In practice, databases pick node sizes that naturally fit the disk drives that hold them. For example, suppose a disk uses a 2KB block size. That means the disk grabs data only in chunks that are multiples of 2KB, so it takes just as long to read 2KB of data as it does to read 10 bytes of data. In that case, you may as well make a B-tree node take up as much space in the 2KB block as possible.
Suppose a tree's key values are 40-character strings (we'll use Unicode so that's 80 bytes each) and you store a 4-byte pointer with each value pointing to the corresponding record. Each branch within the tree is another 4-byte pointer. Then if each node contains up to 2 * K values, the nodes occupy 2 * K * (80 + 4) + (2 * K + 1) * 4 = 176 * K + 8 * K + 4 = 184 * K + 4 bytes. If you want this to be less than 2KB, then 184 * K + 4 < 2048 so K < (2048 – 4) / 184, which is a bit more than 11. That means you can store between 11 and 22 values per node and still store a node in one 2KB block.
In that case, each node's minimum degree is 11, so a tree containing N values would be log11(N) levels tall.

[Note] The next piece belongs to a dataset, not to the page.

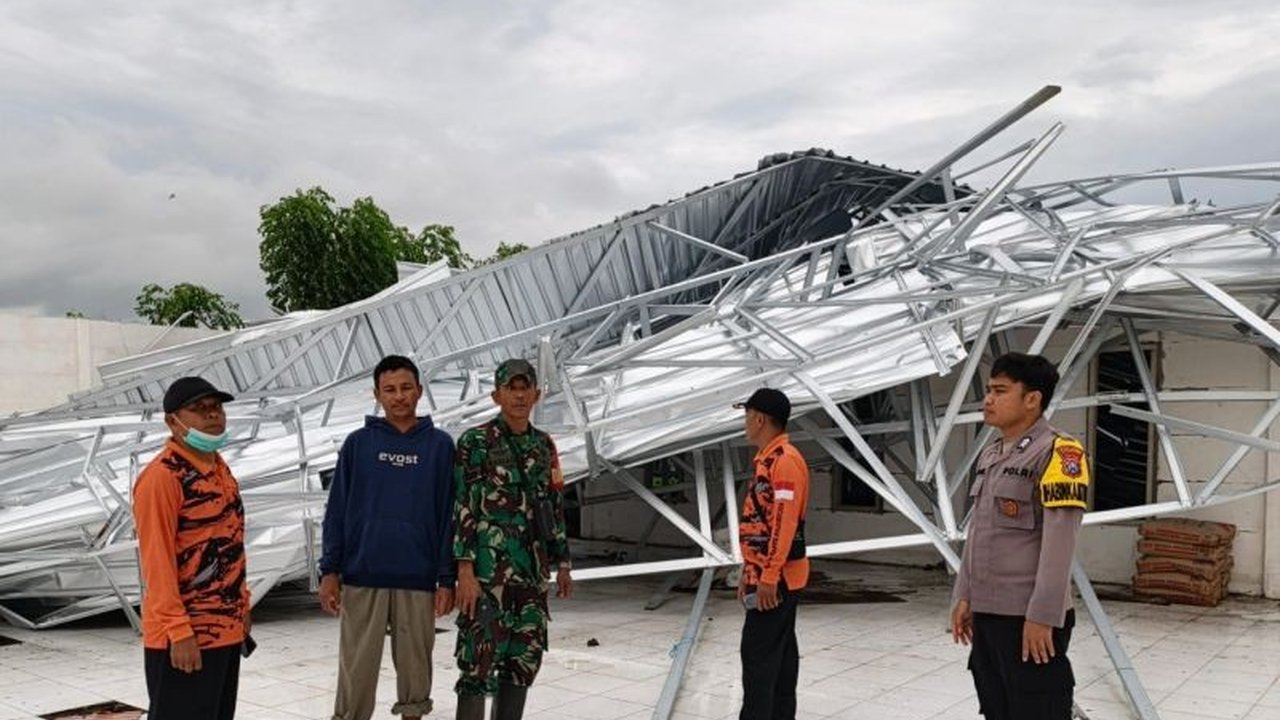 Angin puting beliung Situbondo kembali menerjang, menyebabkan belasan rumah warga dan dapur umum Satuan Pelayanan Pemenuhan Gizi (SPPG) porak-poranda. BPBD Situbondo mengimbau masyarakat meningkatkan kewaspadaan terhadap cuaca ekstrem.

For example, a one-million-node tree would be only log11(1,000,000) or fewer than six levels tall. That means to locate a value in a tree containing one million items, you would need to search at most six nodes in the tree, and that would require only six disk accesses. Inserting or deleting a value might take a bit longer, depending on whether bucket splits, sibling redistributions, and bucket merges occurred.
If you make nodes, use a larger multiple of the disk's block size. You can build even shorter trees. For example, it may not take much longer to read two adjacent 2KB blocks from a disk than it takes to read a single block. In that case, you could make the nodes twice as large and get trees that are even shorter. You might spend a tiny bit of extra time reading each node but you would need to read fewer nodes.

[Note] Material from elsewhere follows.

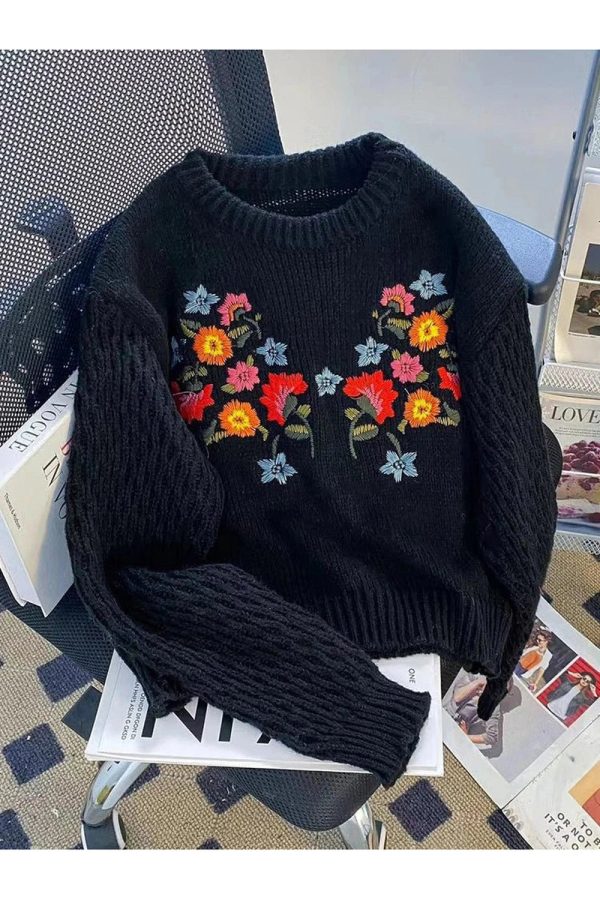 Cozy Fall Meadow Bloom Knit Sweater in Y2K Aesthetic Style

Another trick that can improve performance is to keep the tree's root and first-level nodes in memory instead of requiring you to read them from disk every time you need them. For the previous tree with 2KB nodes holding up to 22 values, that would require caching 23 nodes totaling 46KB of memory. By sacrificing a measly 46KB of space, you can remove two disk accesses from a search that normally requires up to six, thus cutting your search time by a third. You still need to write those nodes to disk if they change but at least your searching will be faster. (You could cache the next level of nodes too, but 22 * 22 = 484 nodes on the next level, so the memory would start to add up.)
Now You Know How B-trees Work
B-trees let you quickly search for values. They rebalance themselves as you add and remove values, so they always remain relatively short and wide and that makes searching for items in a B-tree extremely fast. For example, a B-tree containing one million values using nodes that each hold between 11 and 22 values needs to examine only six nodes at most before finding its target.
This article provided you a better understanding of how B-trees work and how databases build and maintain indexes. (In fact, many databases use B+trees but the main ideas are very similar.) To get an even better understanding, build one yourself! Or at least download the B-tree program that I built. It's available in the download area in both Visual Basic and C# versions. I didn't include the code in this article because it's fairly involved, requiring both top-down and bottom-up recursion with multiple routines calling each other to navigate through the tree.